● **What is being asked**
Skip every line before the one containing "Legging - Coastal", then copy that line and the rest of the entries below exactly, through the last line.

● **Input for this task**
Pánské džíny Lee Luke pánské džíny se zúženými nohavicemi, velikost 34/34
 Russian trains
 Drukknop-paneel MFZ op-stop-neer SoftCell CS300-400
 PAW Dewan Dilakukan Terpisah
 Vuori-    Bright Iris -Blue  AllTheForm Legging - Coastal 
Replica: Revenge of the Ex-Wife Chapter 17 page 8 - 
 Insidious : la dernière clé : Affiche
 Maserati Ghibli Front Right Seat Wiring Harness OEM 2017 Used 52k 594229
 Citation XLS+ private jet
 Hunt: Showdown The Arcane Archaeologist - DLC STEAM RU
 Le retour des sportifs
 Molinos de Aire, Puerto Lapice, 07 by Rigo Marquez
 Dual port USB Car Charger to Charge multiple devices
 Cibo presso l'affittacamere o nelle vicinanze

● **Result of the exercise**
 Vuori-    Bright Iris -Blue  AllTheForm Legging - Coastal 
Replica: Revenge of the Ex-Wife Chapter 17 page 8 - 
 Insidious : la dernière clé : Affiche
 Maserati Ghibli Front Right Seat Wiring Harness OEM 2017 Used 52k 594229
 Citation XLS+ private jet
 Hunt: Showdown The Arcane Archaeologist - DLC STEAM RU
 Le retour des sportifs
 Molinos de Aire, Puerto Lapice, 07 by Rigo Marquez
 Dual port USB Car Charger to Charge multiple devices
 Cibo presso l'affittacamere o nelle vicinanze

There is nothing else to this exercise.